Many outstanding researchers and labs have created visualizations of their research using word clouds. In this post, I present a simple, automated “paper2wordcloud” workflow to create eye-catching word cloud visualizations. It combines the efficiency of automation with the power of human intuition and aesthetic sense. The figure below was created using my published papers.
The general steps in the workflow are:
- Collect PDF files representing your research (10 min).
- Run a Python script to extract the top words from the PDF files (10 min).
- Review, edit, and finalize the list of top words (20 min).
- Use a word cloud generator, adjust the look, and generate SVG (15 min).
- Convert the SVG file to a PDF/PNG file (5 min).
Now let’s dive into it.
Step 1: Collect your research
Collect all the PDF files that can represent your research, for example, papers, slides, posters, and proposals. Place all PDF files in a single, flat directory, without subfolders. The PDF files should be machine-readable, that is, the pages should not be scanned photocopies, and the text should be selectable in PDF viewers.
Step 2: Extract top words
2.1 Install Python
Install Python if you haven’t. For macOS users, install Python via Homebrew:
brew install python
This will install the latest maintained release of Python 3 provided by Homebrew.
2.2 Get text processing script and install dependency
Clone this GitHub repo to your workspace. It contains a Python script I wrote for extracting meaningful words, as defined by a statistical model, from the PDF files:
git clone https://github.com/nanxstats/pdf-word-extraction.git
Enter the directory (everything below assumes you are in the directory):
Install the Python package dependencies of the script described in the
setup section of the repo.
The simple way is to use
pip install -r requirements.txt
This will install the essential toolchain in Python, including pypdf for PDF parsing, ftfy for text cleaning, and spaCy for natural language processing.
2.3 Run the script
Now, copy all the PDF files prepared in step 1 into
Then, run the Python script:
This will print the top 250 words and their frequencies.
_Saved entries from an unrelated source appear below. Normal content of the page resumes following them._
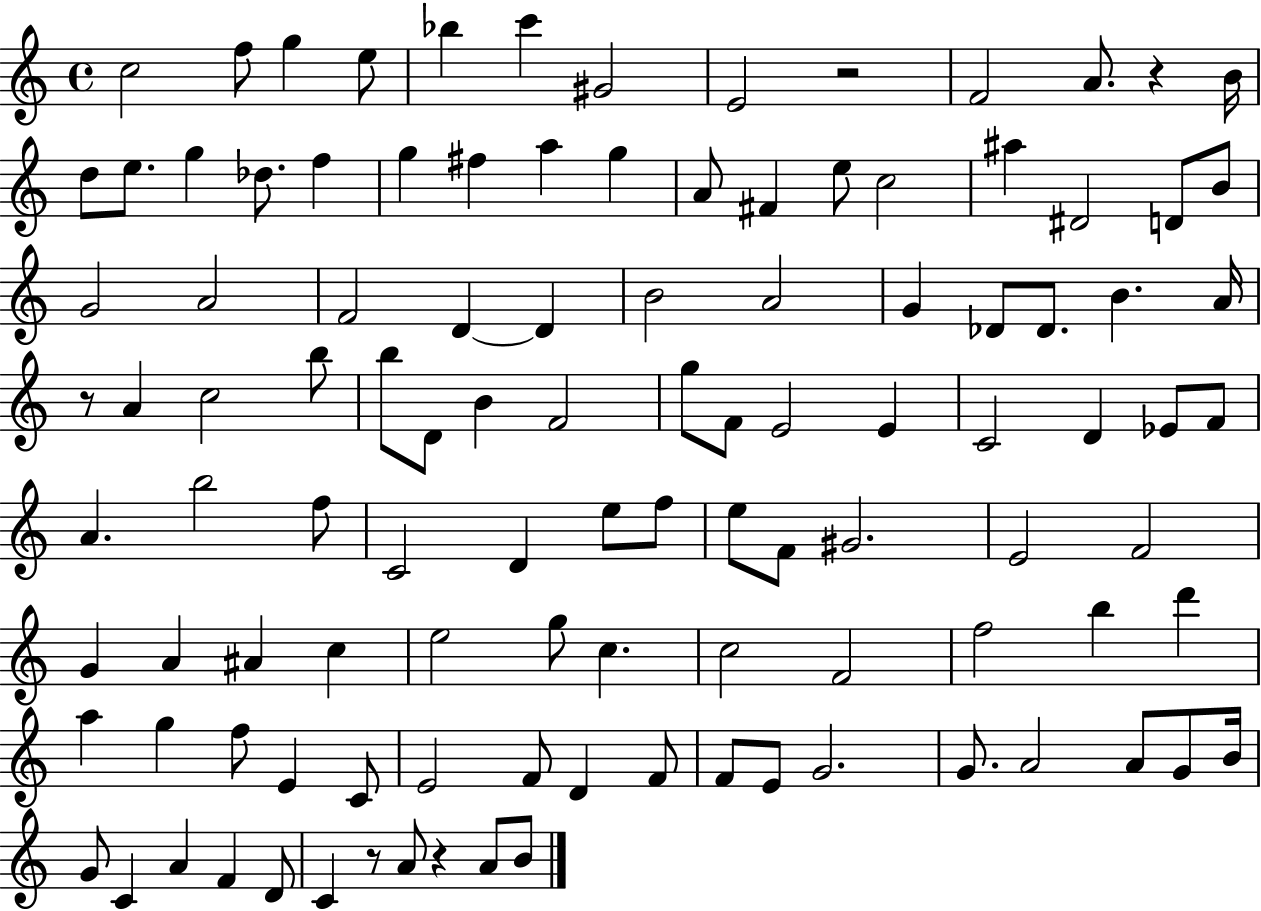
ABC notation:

X:1
T:Untitled
M:4/4
L:1/4
K:C
c2 f/2 g e/2 _b c' ^G2 E2 z2 F2 A/2 z B/4 d/2 e/2 g _d/2 f g ^f a g A/2 ^F e/2 c2 ^a ^D2 D/2 B/2 G2 A2 F2 D D B2 A2 G _D/2 _D/2 B A/4 z/2 A c2 b/2 b/2 D/2 B F2 g/2 F/2 E2 E C2 D _E/2 F/2 A b2 f/2 C2 D e/2 f/2 e/2 F/2 ^G2 E2 F2 G A ^A c e2 g/2 c c2 F2 f2 b d' a g f/2 E C/2 E2 F/2 D F/2 F/2 E/2 G2 G/2 A2 A/2 G/2 B/4 G/2 C A F D/2 C z/2 A/2 z A/2 B/2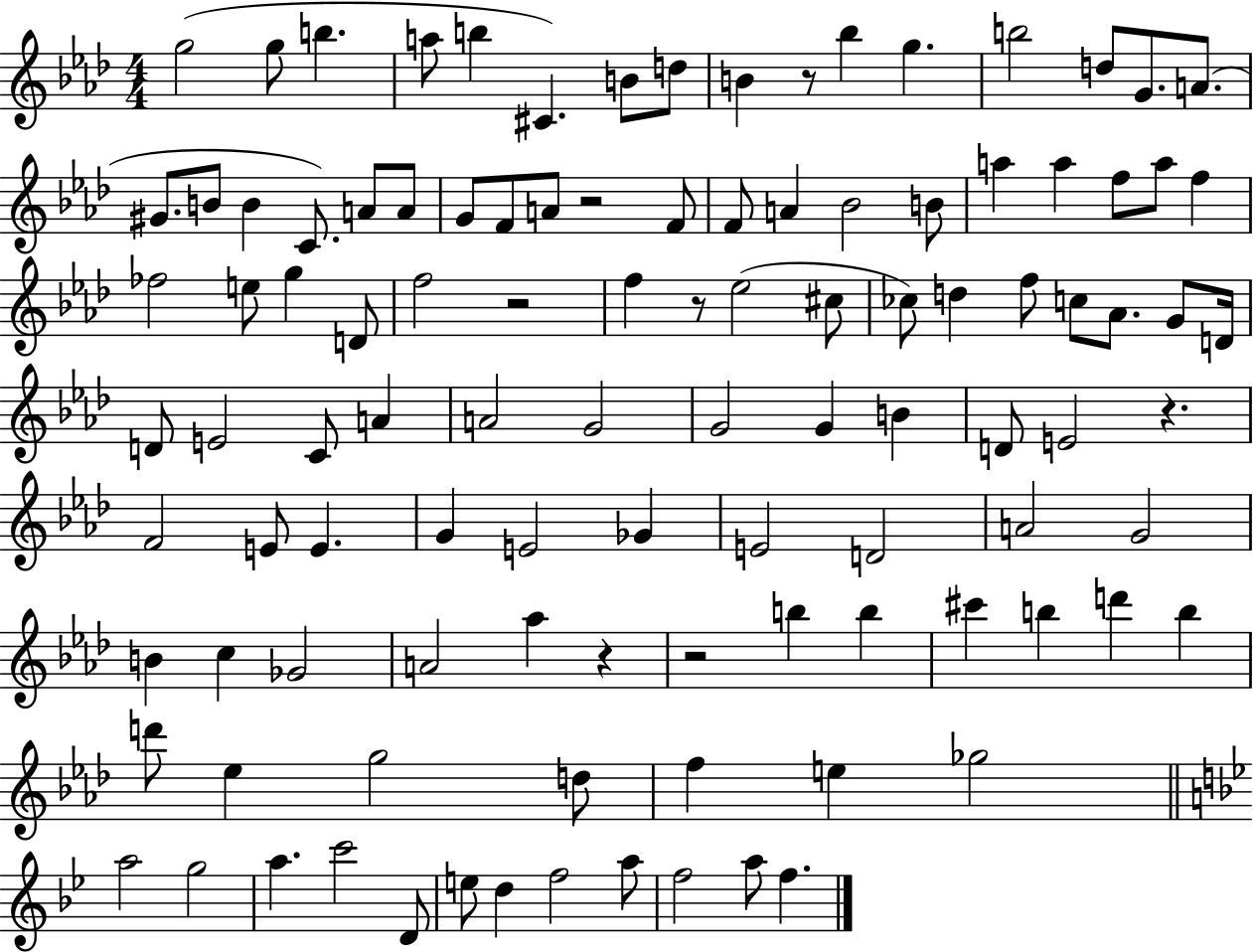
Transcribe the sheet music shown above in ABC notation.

X:1
T:Untitled
M:4/4
L:1/4
K:Ab
g2 g/2 b a/2 b ^C B/2 d/2 B z/2 _b g b2 d/2 G/2 A/2 ^G/2 B/2 B C/2 A/2 A/2 G/2 F/2 A/2 z2 F/2 F/2 A _B2 B/2 a a f/2 a/2 f _f2 e/2 g D/2 f2 z2 f z/2 _e2 ^c/2 _c/2 d f/2 c/2 _A/2 G/2 D/4 D/2 E2 C/2 A A2 G2 G2 G B D/2 E2 z F2 E/2 E G E2 _G E2 D2 A2 G2 B c _G2 A2 _a z z2 b b ^c' b d' b d'/2 _e g2 d/2 f e _g2 a2 g2 a c'2 D/2 e/2 d f2 a/2 f2 a/2 f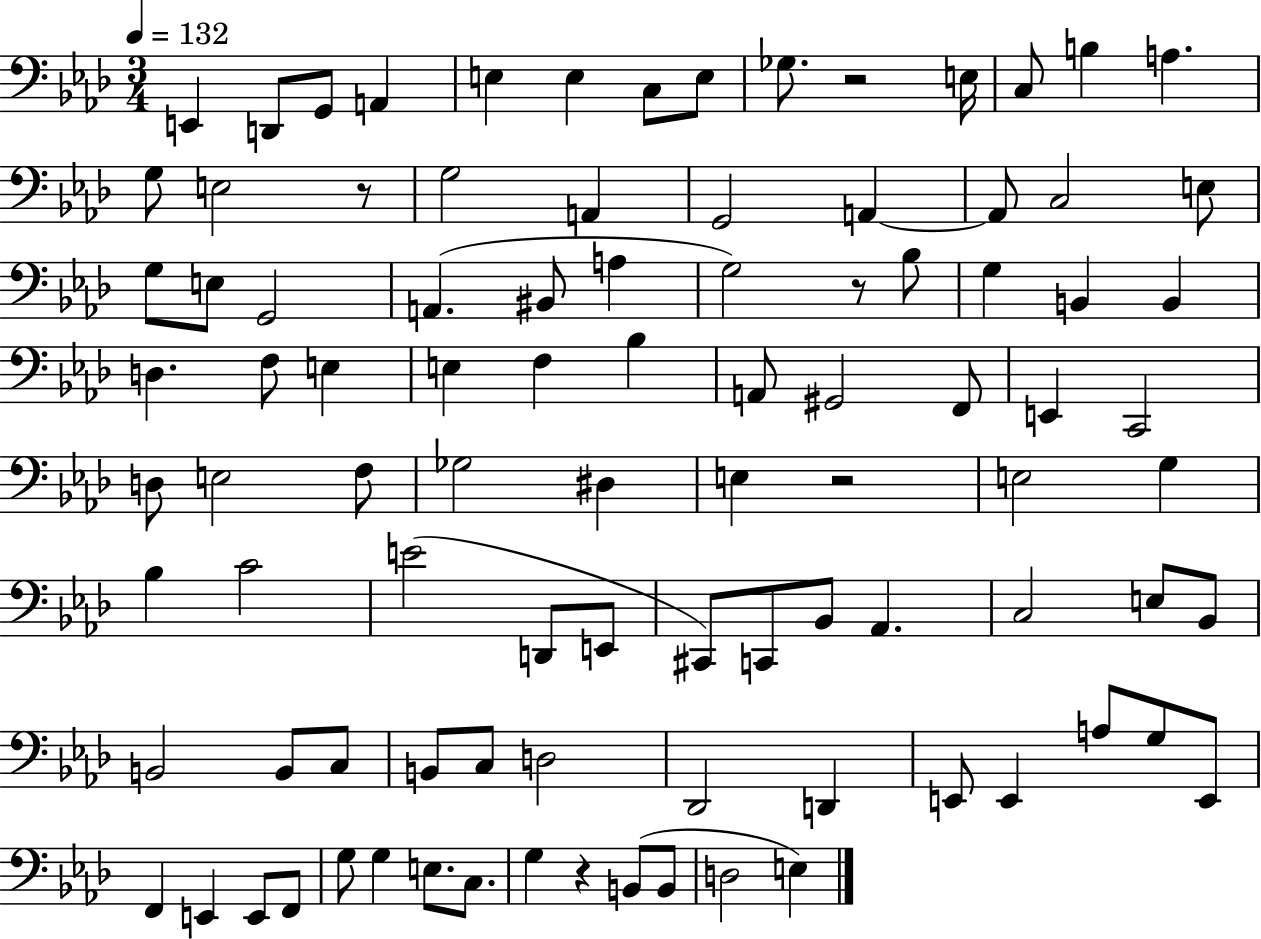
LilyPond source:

{
  \clef bass
  \numericTimeSignature
  \time 3/4
  \key aes \major
  \tempo 4 = 132
  e,4 d,8 g,8 a,4 | e4 e4 c8 e8 | ges8. r2 e16 | c8 b4 a4. | \break g8 e2 r8 | g2 a,4 | g,2 a,4~~ | a,8 c2 e8 | \break g8 e8 g,2 | a,4.( bis,8 a4 | g2) r8 bes8 | g4 b,4 b,4 | \break d4. f8 e4 | e4 f4 bes4 | a,8 gis,2 f,8 | e,4 c,2 | \break d8 e2 f8 | ges2 dis4 | e4 r2 | e2 g4 | \break bes4 c'2 | e'2( d,8 e,8 | cis,8) c,8 bes,8 aes,4. | c2 e8 bes,8 | \break b,2 b,8 c8 | b,8 c8 d2 | des,2 d,4 | e,8 e,4 a8 g8 e,8 | \break f,4 e,4 e,8 f,8 | g8 g4 e8. c8. | g4 r4 b,8( b,8 | d2 e4) | \break \bar "|."
}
Step 3: Review, edit, and finalize top words
Review the output and identify any words that should be removed or replaced. The common reasons include:
Removal: Words that are meaningful in general but not meaningful in your research context should be removed. Examples include “journal”, “conference”, “Figure”, “Table”, and author names.
Replacement: Uncommon proper nouns that should be stylized in a specific way can be fixed via replacement. The frequency counts for plural and singular forms of the same word can be merged via replacement, too.
To add word removal or replacement rules, open
Edit the entries in the list
words_to_remove and the key-value pairs in the
replacements. Save and run the Python script again with the same command as before:
Check the output again. Since some words in the original output have now been removed or replaced, the words newly popped into the list might give you more words to remove or replace. Continue this review-edit-run cycle until the top 250 words looks perfect. For me, I ended up removing 50 words and establishing 12 replacement rules.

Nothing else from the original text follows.